Scraped caption text data:
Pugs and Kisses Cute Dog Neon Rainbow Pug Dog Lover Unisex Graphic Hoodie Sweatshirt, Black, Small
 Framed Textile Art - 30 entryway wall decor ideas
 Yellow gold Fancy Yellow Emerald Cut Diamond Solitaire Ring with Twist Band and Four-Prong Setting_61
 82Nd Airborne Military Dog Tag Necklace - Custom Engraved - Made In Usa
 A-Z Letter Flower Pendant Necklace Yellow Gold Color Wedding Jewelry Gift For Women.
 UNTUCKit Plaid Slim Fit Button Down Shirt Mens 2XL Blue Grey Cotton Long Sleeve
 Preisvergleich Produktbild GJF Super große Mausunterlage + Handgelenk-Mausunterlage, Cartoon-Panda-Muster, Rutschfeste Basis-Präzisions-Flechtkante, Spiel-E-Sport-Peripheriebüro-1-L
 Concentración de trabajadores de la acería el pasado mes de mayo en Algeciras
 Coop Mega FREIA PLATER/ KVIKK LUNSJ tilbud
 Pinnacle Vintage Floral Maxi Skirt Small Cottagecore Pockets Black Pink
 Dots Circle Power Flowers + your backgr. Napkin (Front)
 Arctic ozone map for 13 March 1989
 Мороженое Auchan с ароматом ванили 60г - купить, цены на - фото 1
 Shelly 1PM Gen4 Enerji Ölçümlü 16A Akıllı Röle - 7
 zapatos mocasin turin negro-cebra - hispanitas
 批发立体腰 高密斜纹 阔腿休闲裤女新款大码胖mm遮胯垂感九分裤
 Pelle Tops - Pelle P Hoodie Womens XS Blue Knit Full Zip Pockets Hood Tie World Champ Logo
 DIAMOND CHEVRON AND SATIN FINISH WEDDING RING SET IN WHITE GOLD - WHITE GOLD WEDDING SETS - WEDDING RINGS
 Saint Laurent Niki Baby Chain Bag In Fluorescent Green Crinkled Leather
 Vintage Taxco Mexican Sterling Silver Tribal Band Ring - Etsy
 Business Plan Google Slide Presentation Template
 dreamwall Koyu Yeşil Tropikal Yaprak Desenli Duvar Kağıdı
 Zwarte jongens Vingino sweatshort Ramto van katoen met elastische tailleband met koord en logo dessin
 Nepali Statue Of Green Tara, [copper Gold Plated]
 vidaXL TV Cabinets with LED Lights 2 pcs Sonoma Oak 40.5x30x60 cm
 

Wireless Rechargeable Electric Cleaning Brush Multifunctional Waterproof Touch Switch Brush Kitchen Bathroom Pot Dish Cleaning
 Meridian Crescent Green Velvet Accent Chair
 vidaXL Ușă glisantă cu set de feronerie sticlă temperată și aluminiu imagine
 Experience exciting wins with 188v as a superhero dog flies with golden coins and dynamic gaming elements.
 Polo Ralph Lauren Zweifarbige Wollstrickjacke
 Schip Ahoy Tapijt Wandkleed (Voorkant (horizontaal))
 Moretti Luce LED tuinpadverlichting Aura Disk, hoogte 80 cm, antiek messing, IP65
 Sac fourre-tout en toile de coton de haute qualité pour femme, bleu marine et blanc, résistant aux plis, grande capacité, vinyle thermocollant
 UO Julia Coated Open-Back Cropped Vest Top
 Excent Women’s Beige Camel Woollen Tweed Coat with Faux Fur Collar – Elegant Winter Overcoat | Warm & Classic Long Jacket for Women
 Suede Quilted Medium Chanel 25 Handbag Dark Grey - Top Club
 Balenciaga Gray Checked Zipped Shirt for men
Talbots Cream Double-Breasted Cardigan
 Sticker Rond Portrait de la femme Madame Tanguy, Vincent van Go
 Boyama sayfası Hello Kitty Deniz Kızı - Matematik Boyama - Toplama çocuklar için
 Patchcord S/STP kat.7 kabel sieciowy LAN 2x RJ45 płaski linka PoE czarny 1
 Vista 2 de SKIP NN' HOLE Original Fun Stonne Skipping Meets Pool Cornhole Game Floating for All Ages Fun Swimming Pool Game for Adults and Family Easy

:: WORK ORDER ::
Beginning at the line above that contains "A-Z Letter Flower", return each line exactly through the line that contains "Pelle Tops - Pelle", and no others.

:: RESULT OF THIS EXERCISE ::
 A-Z Letter Flower Pendant Necklace Yellow Gold Color Wedding Jewelry Gift For Women.
 UNTUCKit Plaid Slim Fit Button Down Shirt Mens 2XL Blue Grey Cotton Long Sleeve
 Preisvergleich Produktbild GJF Super große Mausunterlage + Handgelenk-Mausunterlage, Cartoon-Panda-Muster, Rutschfeste Basis-Präzisions-Flechtkante, Spiel-E-Sport-Peripheriebüro-1-L
 Concentración de trabajadores de la acería el pasado mes de mayo en Algeciras
 Coop Mega FREIA PLATER/ KVIKK LUNSJ tilbud
 Pinnacle Vintage Floral Maxi Skirt Small Cottagecore Pockets Black Pink
 Dots Circle Power Flowers + your backgr. Napkin (Front)
 Arctic ozone map for 13 March 1989
 Мороженое Auchan с ароматом ванили 60г - купить, цены на - фото 1
 Shelly 1PM Gen4 Enerji Ölçümlü 16A Akıllı Röle - 7
 zapatos mocasin turin negro-cebra - hispanitas
 批发立体腰 高密斜纹 阔腿休闲裤女新款大码胖mm遮胯垂感九分裤
 Pelle Tops - Pelle P Hoodie Womens XS Blue Knit Full Zip Pockets Hood Tie World Champ Logo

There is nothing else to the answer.